- Aim of the task -
Look below for the line that contains "BufferedReader - This" and the line that contains "This is all", then restate both of them and every line in between, exactly. No picture goes in the copy.

-------- Data records

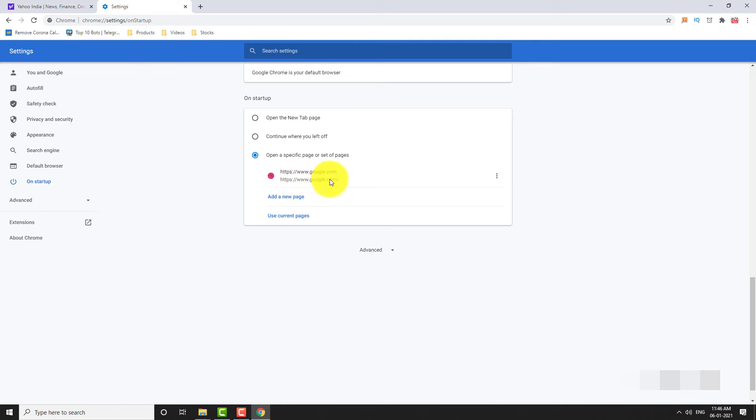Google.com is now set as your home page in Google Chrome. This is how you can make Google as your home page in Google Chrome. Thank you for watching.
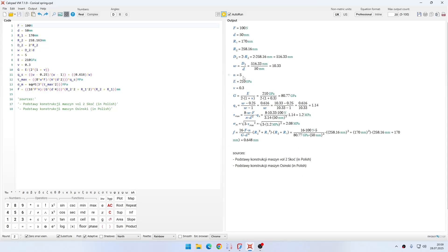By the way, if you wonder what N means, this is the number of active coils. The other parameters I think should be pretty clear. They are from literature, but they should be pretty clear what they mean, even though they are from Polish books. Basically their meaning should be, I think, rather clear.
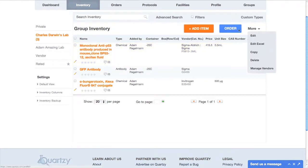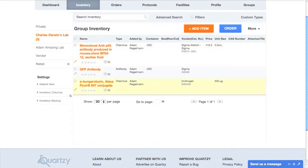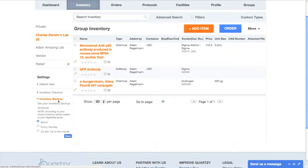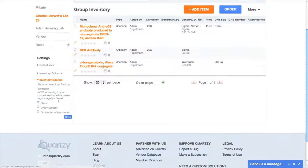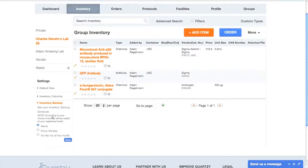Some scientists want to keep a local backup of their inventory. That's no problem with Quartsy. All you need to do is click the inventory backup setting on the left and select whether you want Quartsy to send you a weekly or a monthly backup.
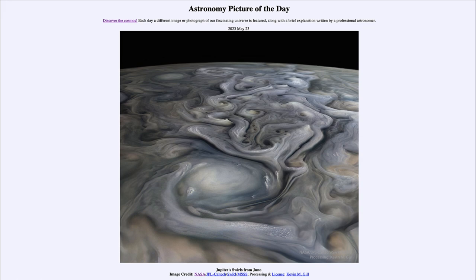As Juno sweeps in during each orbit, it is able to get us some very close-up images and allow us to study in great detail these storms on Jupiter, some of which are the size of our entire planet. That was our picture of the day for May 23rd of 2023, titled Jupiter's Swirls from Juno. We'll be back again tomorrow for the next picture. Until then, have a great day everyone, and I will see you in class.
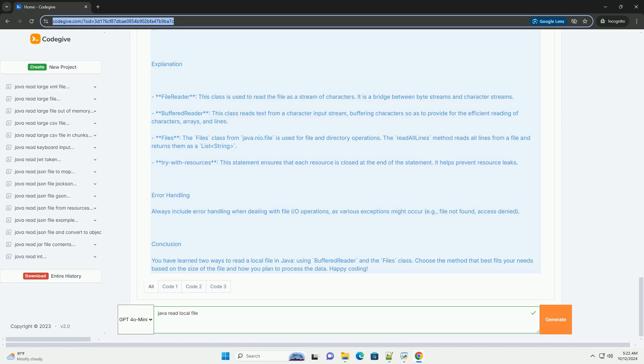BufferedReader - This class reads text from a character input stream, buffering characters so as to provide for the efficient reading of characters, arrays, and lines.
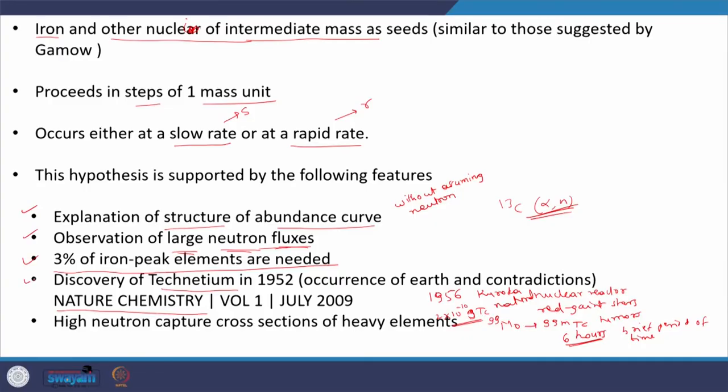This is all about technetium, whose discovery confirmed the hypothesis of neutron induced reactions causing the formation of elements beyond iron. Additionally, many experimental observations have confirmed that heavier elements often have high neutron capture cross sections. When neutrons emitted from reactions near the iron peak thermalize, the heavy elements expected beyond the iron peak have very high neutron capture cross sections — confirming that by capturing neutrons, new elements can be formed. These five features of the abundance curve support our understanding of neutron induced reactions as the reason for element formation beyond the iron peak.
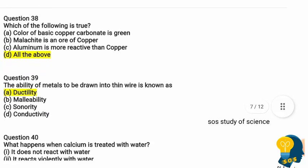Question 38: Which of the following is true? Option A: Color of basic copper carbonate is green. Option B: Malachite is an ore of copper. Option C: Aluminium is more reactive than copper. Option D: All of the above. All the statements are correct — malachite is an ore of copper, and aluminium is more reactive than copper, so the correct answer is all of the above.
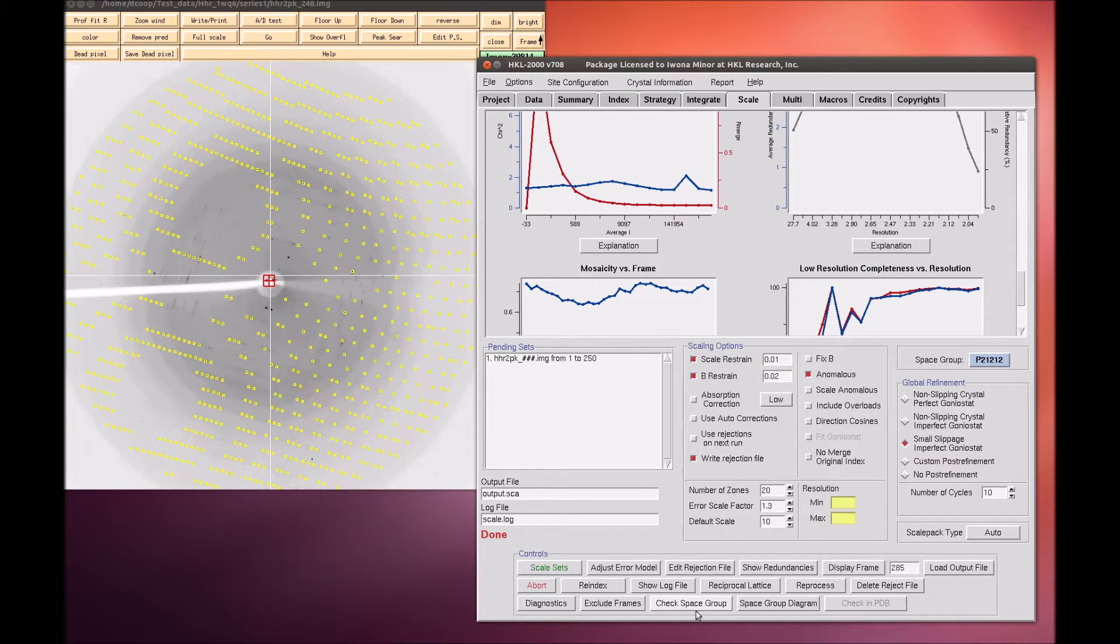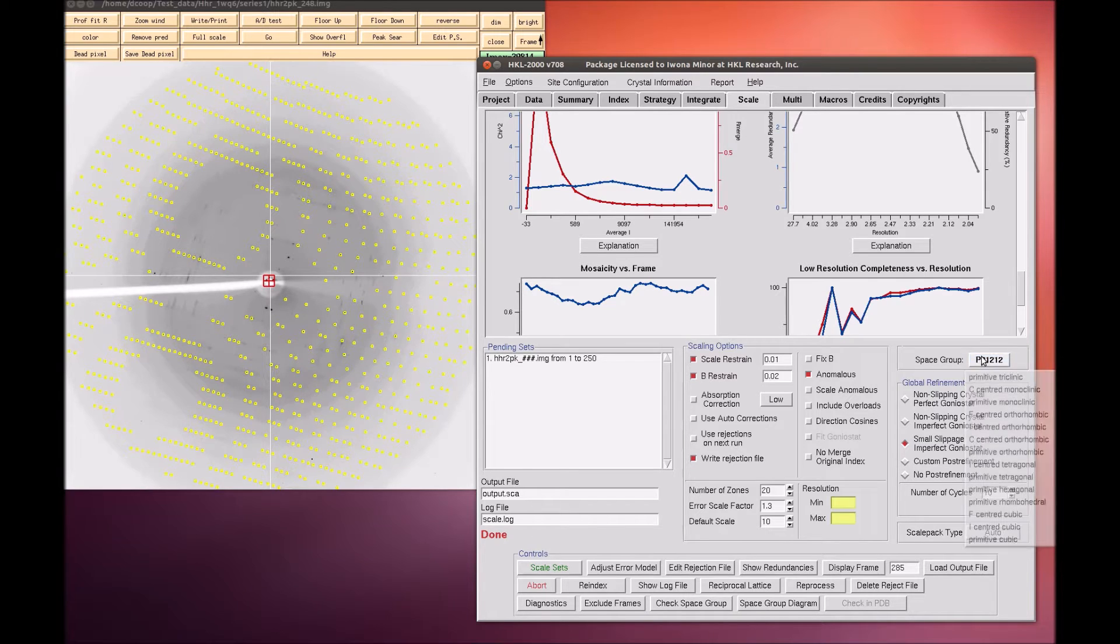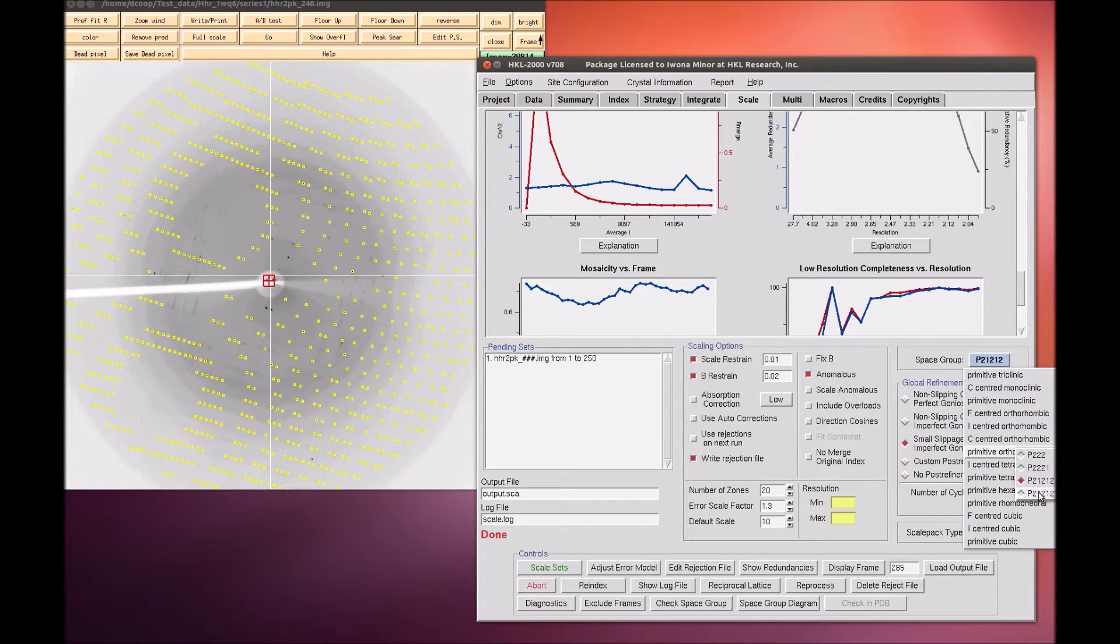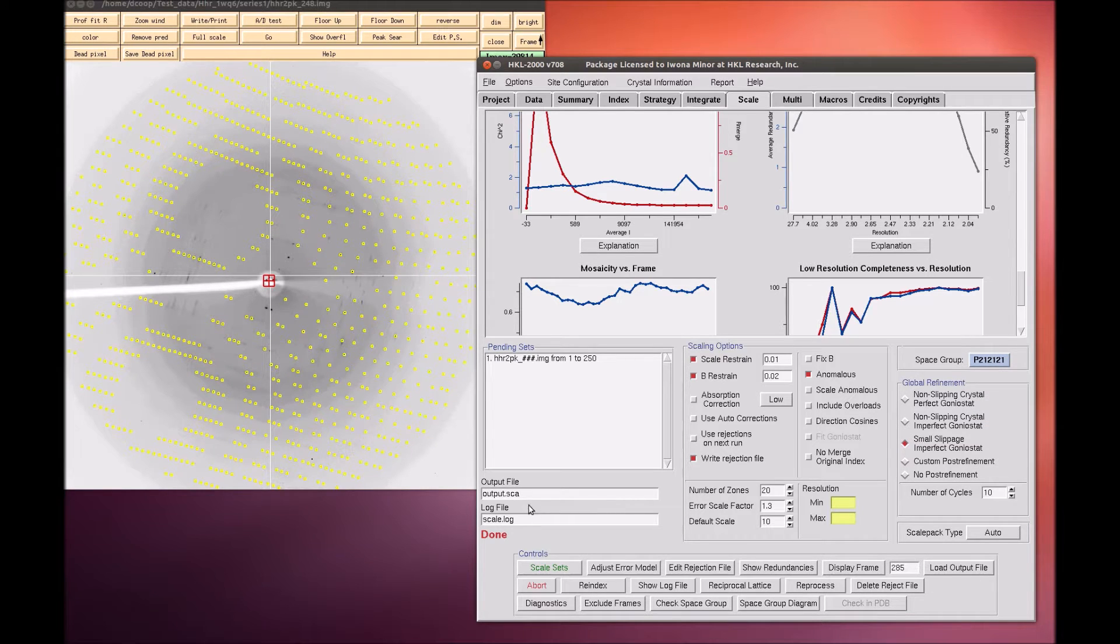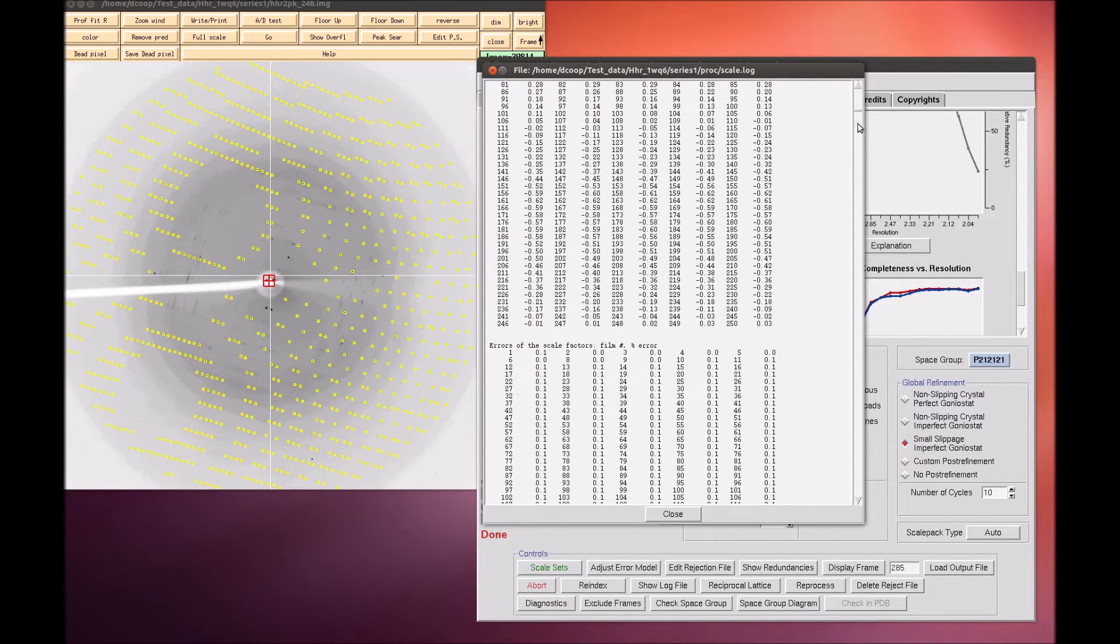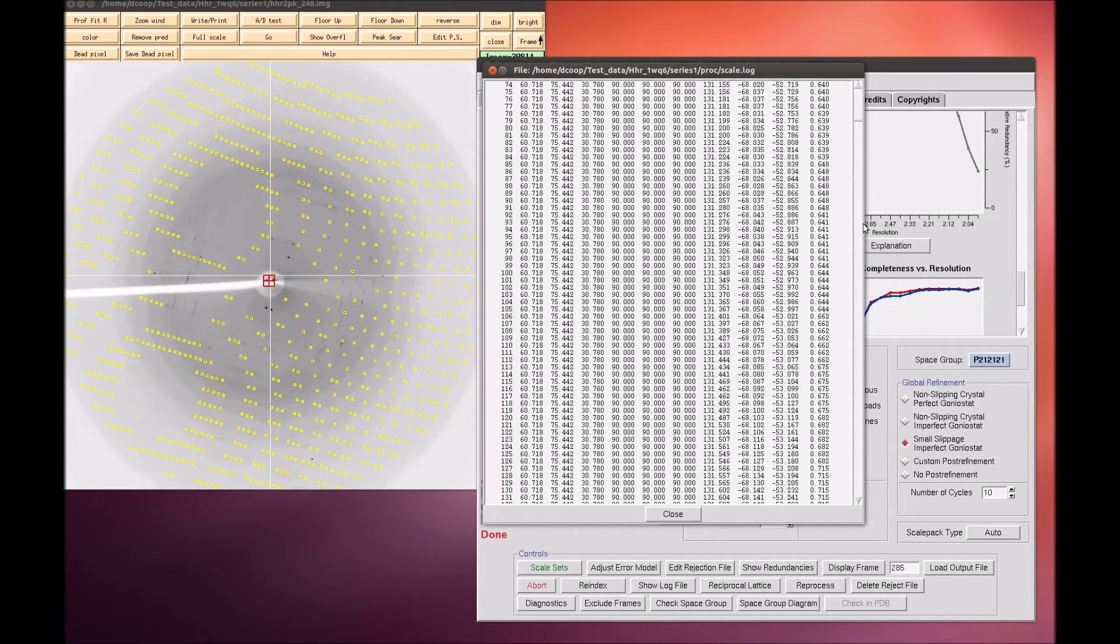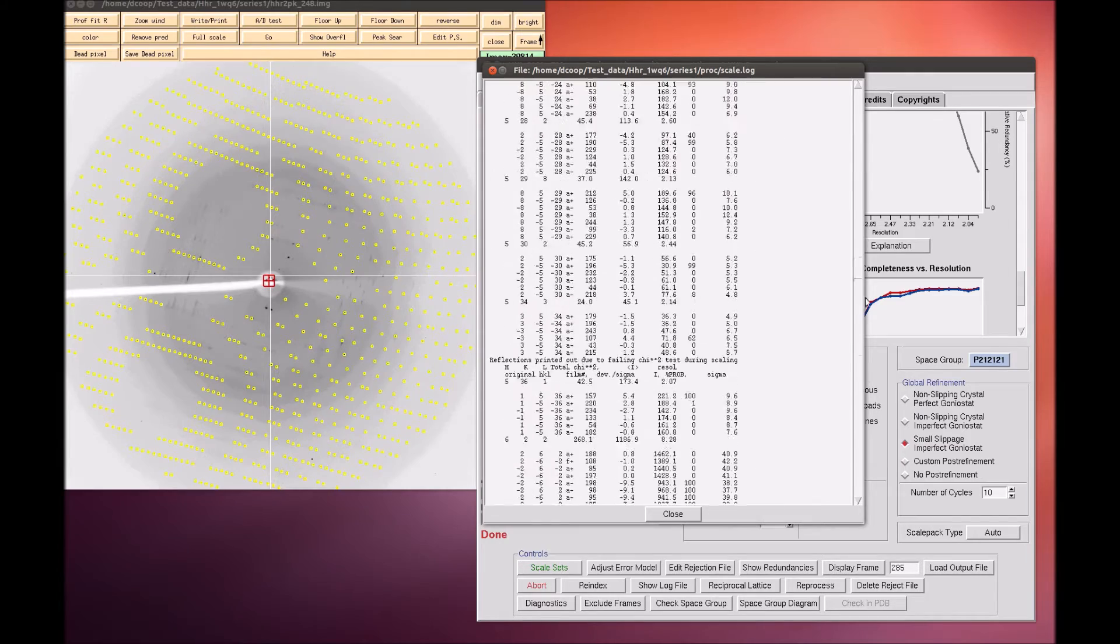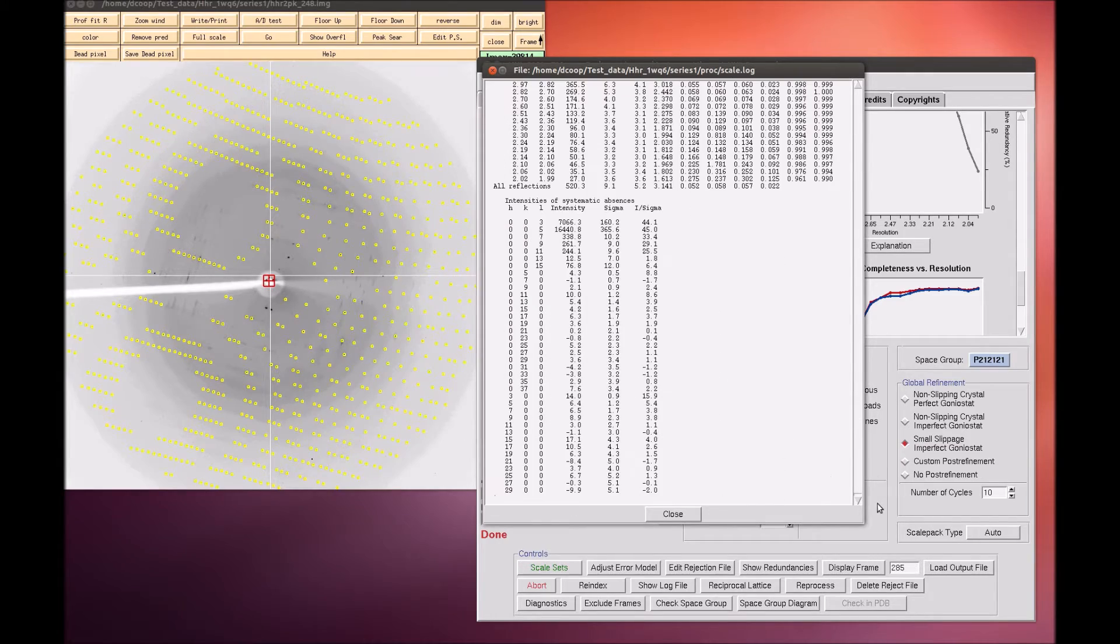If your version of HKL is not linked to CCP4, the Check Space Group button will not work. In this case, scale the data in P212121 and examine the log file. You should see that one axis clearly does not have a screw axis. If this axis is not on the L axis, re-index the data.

----------------

- Written response -
BufferedReader - This class reads text from a character input stream, buffering characters so as to provide for the efficient reading of characters, arrays, and lines.
This is all about technetium, whose discovery confirmed the hypothesis of neutron induced reactions causing the formation of elements beyond iron. Additionally, many experimental observations have confirmed that heavier elements often have high neutron capture cross sections. When neutrons emitted from reactions near the iron peak thermalize, the heavy elements expected beyond the iron peak have very high neutron capture cross sections — confirming that by capturing neutrons, new elements can be formed. These five features of the abundance curve support our understanding of neutron induced reactions as the reason for element formation beyond the iron peak.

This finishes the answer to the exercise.